==== Information shown ====

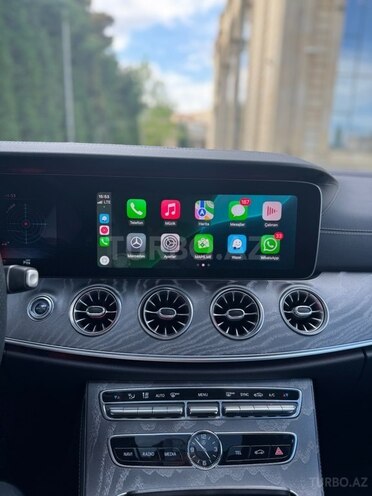 Mercedes CLS 450 Coupe 2019, 73,000 km - 3.0 l - Bakı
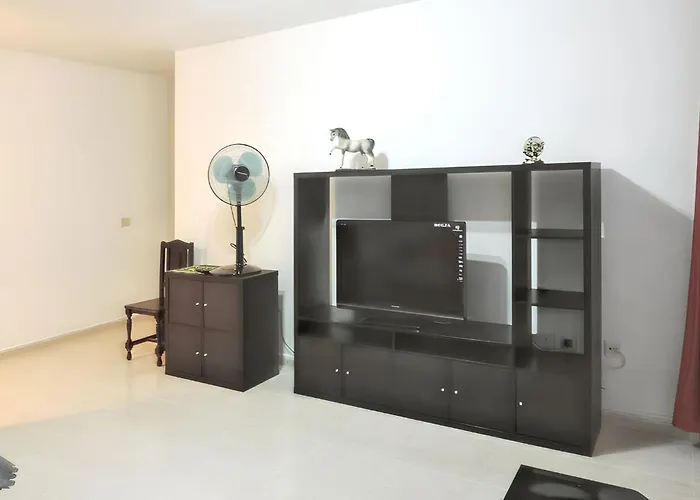 Charming In Centre - 90 M² - Parking * Arrecife (Lanzarote)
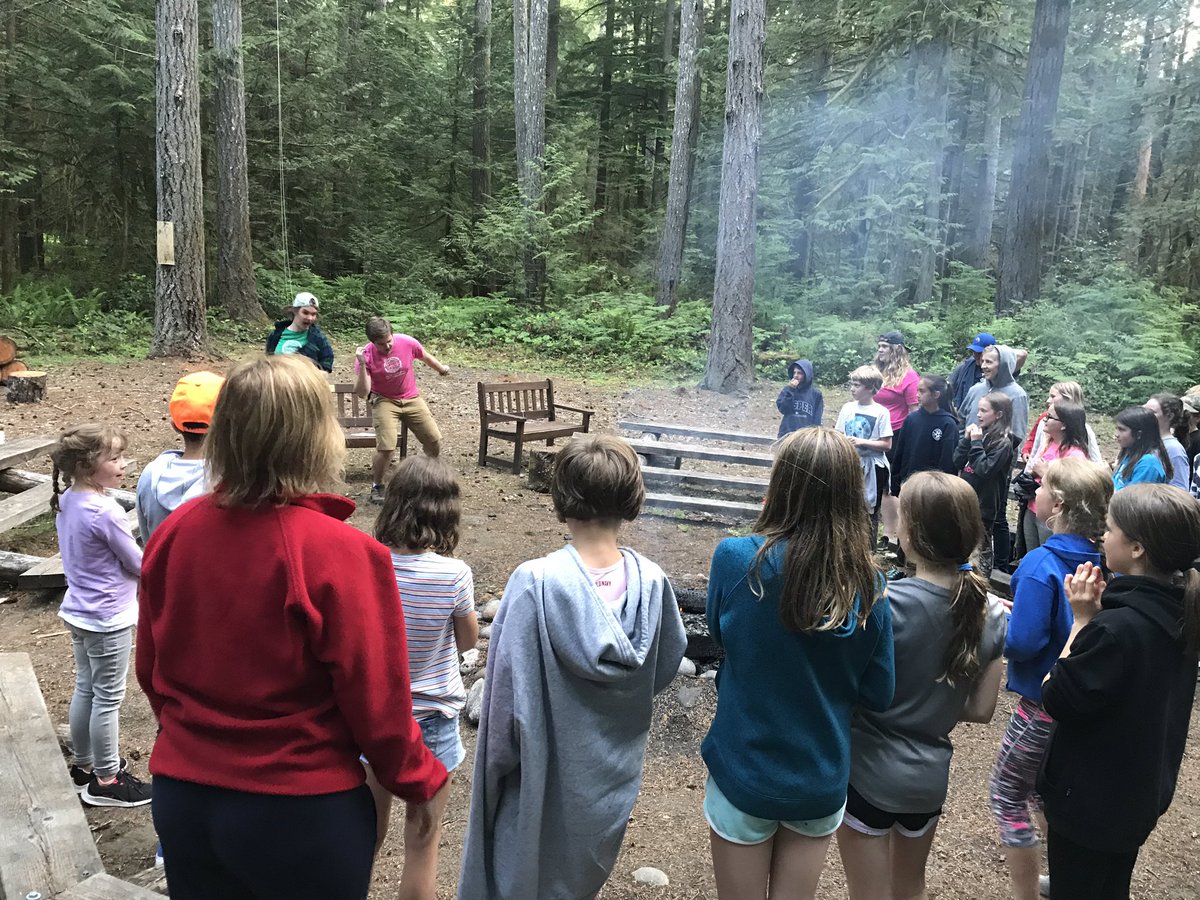 tikkileigh's tweet photo. Campfire #DCCP2019 https://t.co/KOJrhH0AN5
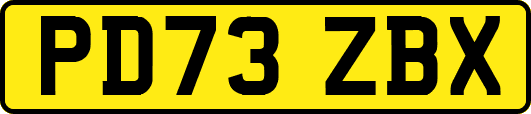 PD73ZBX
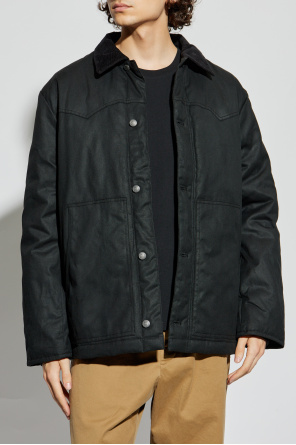 Zadig & Voltaire Insulated jacket 'Boye'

====

Required work
An exact copy of the listing is required; return it without any pictures.

Task result
 Mercedes CLS 450 Coupe 2019, 73,000 km - 3.0 l - Bakı
 Charming In Centre - 90 M² - Parking * Arrecife (Lanzarote)
 tikkileigh's tweet photo. Campfire #DCCP2019 https://t.co/KOJrhH0AN5
 PD73ZBX
 Zadig & Voltaire Insulated jacket 'Boye'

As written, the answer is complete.